LBD and a Designer Stitch Willow Kimono

I don’t wear a lot of black anymore but I used to wear black in my early teen years. I like sporting black tops and a million “Goth” necklaces. It didn’t last long before I thought that the black made me look super pale and I started having allergic reactions to the bad metals in the cheap necklaces. A rash on my chest plus a super pale face just looks like I am suffering from a terrible disease. Turns out it was a terrible disease!! (EDS joke!) …But not an infectious one. I eventually settled in to a more grunge style with men’s jeans or super baggy overalls and a large amount of vintage t-shirts with men’s button up shirts or a plaid flannel shirt over top.

Ever since, I haven’t really cared for black anything. I wear black pieces but never a full black outfit anymore. A little black dress is a piece women are often told they must have in their wardrobe. I’m not really one for being told what to do, but since I wanted to make more party dresses last year, I thought I would make one. And yes, this project was started last year.

I used the Cashmerette Upton bodice and the Tenterhook Patterns Snapdragon skirt with a curved wrap front. Sadly, Tenterhook Patterns is completely out of business, but there are other woven pencil skirt patterns you could use to recreate this look.

I put it together the first time with the zipper and was underwhelmed. It wasn’t as cinched in at the waist as I wanted it. So I unpicked the zipper and side seams and unpicked the waistband to the waist darts and then left it in a basket for…. several…. months….ahem a year…

And then, as with every time I plan a bunch of stuff, I started thinking… Oh I should maybe finish that thing first…. So I picked it up.

Instead of doing fisheye darts like I was originally going to do, I wanted to maintain the waistband without interruption. So I unpicked the bodice and skirt from the waistband and I put an additional dart in the bodice at the waist. Shortened the waistband by about 2 inches and put a dart in each side of the skirt at the waist and then tried it on and was much happier.

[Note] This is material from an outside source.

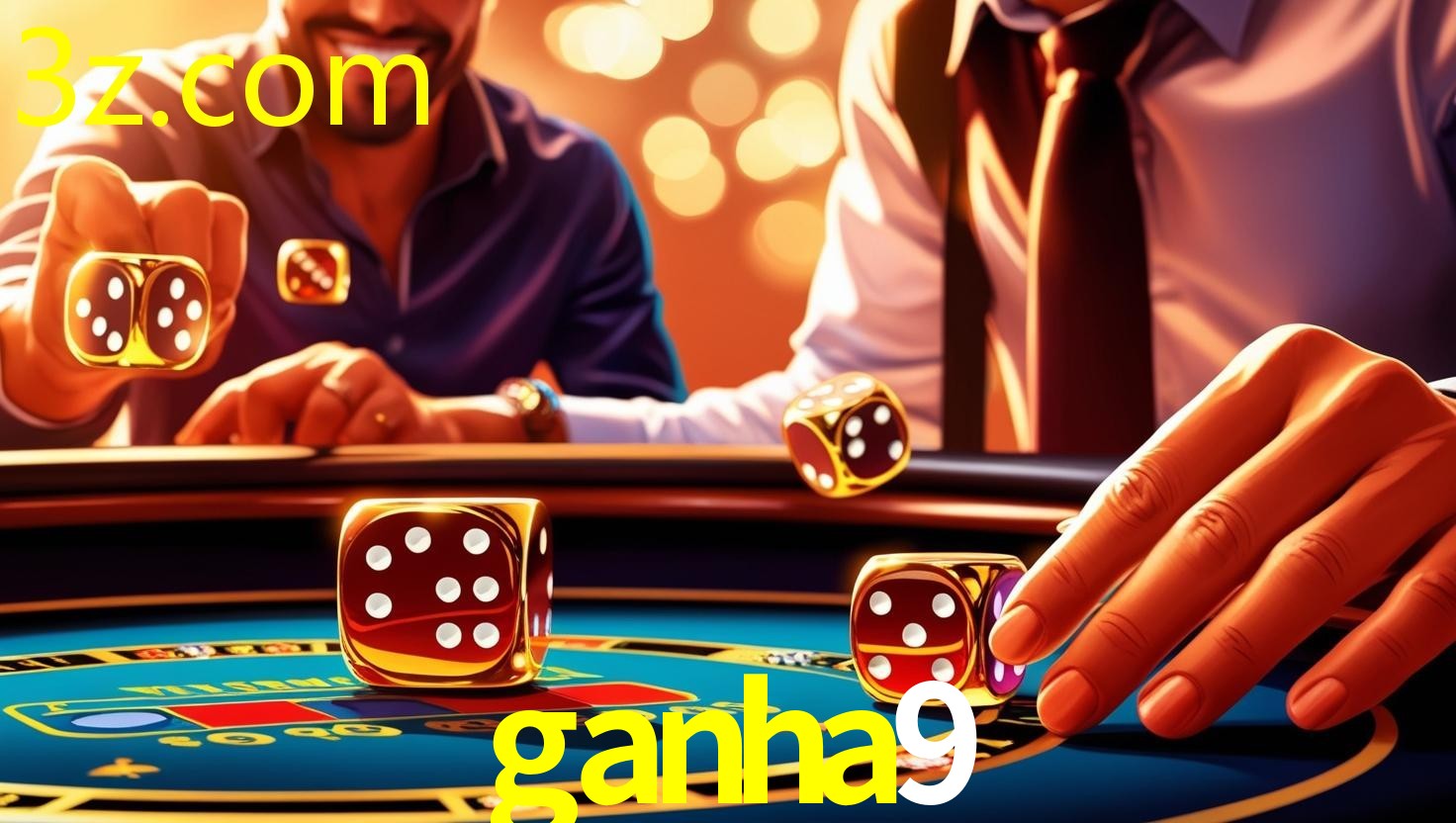GANHA9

My plan with the dress originally was to make it accessible so that if I was having trouble with my shoulders, I could easily get in and out of the dress. I put ties in at the shoulders and an extra long zipper at the side. There is about 4 inches of side seam at the bottom of the dress on the right side only because I forgot that I didn’t get a separating zipper for it. Originally, I was going to use a separating zipper and then have slits on both sides. I still have slits on both sides but not a completely open side seam for the zipper. In retrospect, that makes it a bit easier for me, especially when getting into the dress.

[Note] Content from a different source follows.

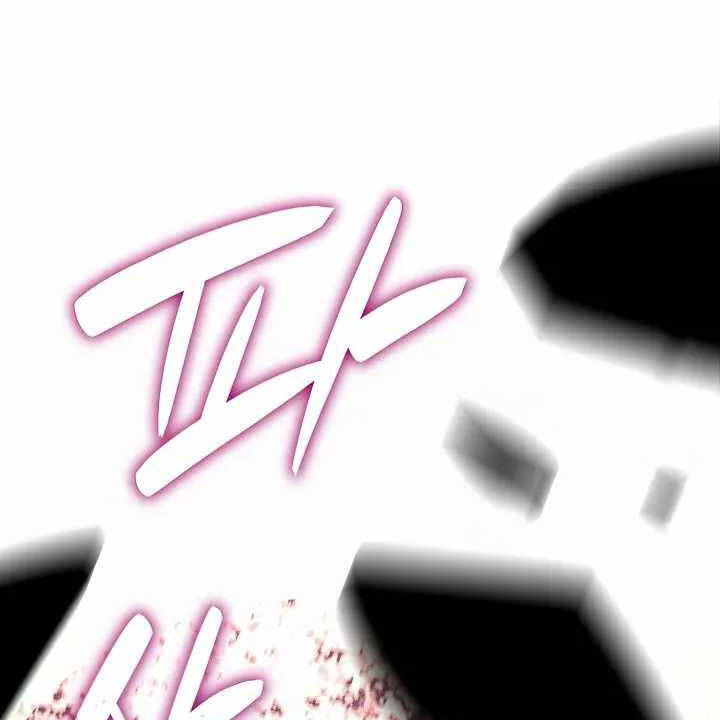 tôi là lính mới chapter 149 108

I’ve tested it a few times and I can get the dress off without any effort. I can also slip it on over my head without any effort. It’s really remarkable!

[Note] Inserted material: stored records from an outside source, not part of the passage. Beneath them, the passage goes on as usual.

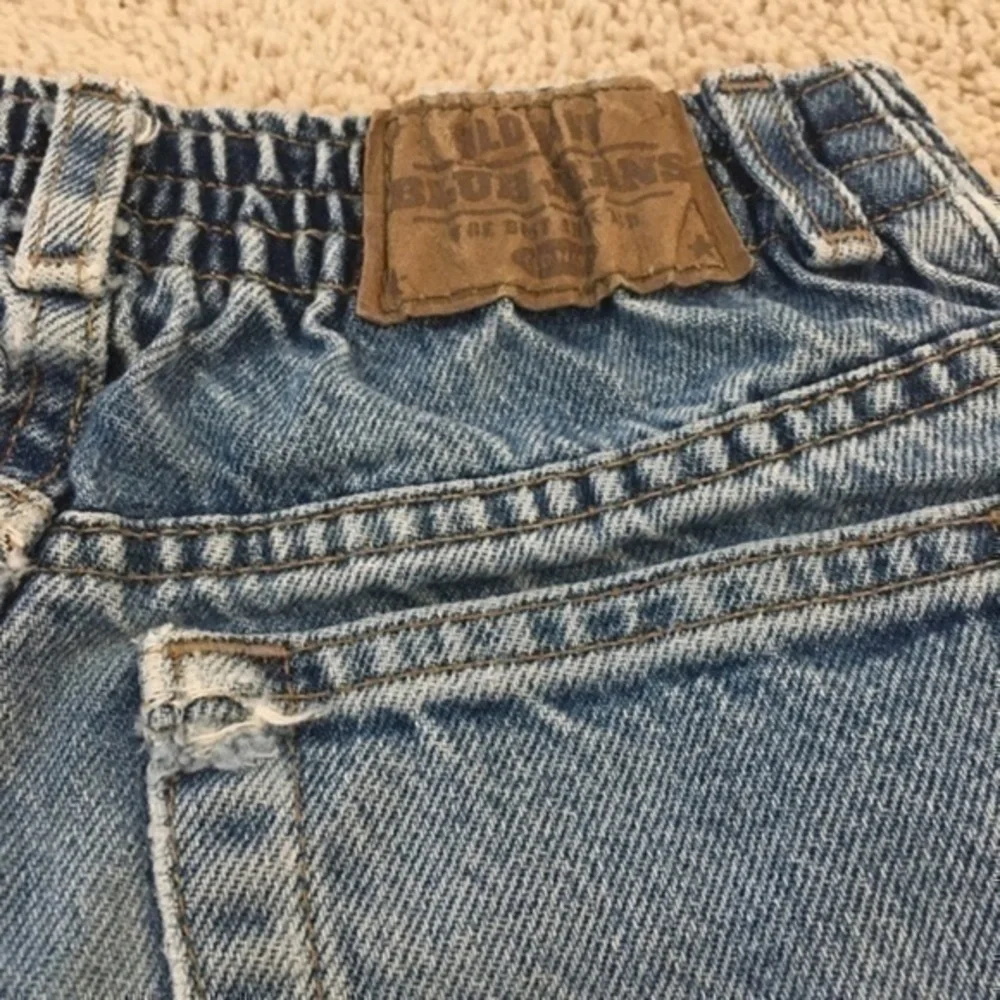 Old Navy boys size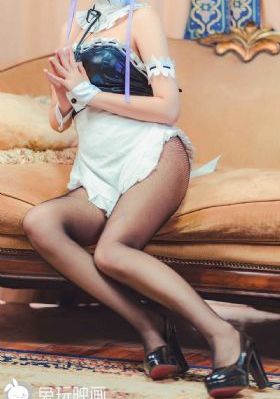 时尚女装欧美快_HD神马影院在线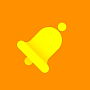 icon Расписание звонков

I bought the fabric years ago. One of the first bits that I added to my stash. It’s a black cotton embroidered with leaves. It’s like an eyelet but without any holes. It’s actually really challenging to sew and my old machine had a lot of trouble sewing it. The embroidered sections are difficult to sew over and are really thick with thread. My new machine went over it without issue, of course. Yeay for the Singer 4452.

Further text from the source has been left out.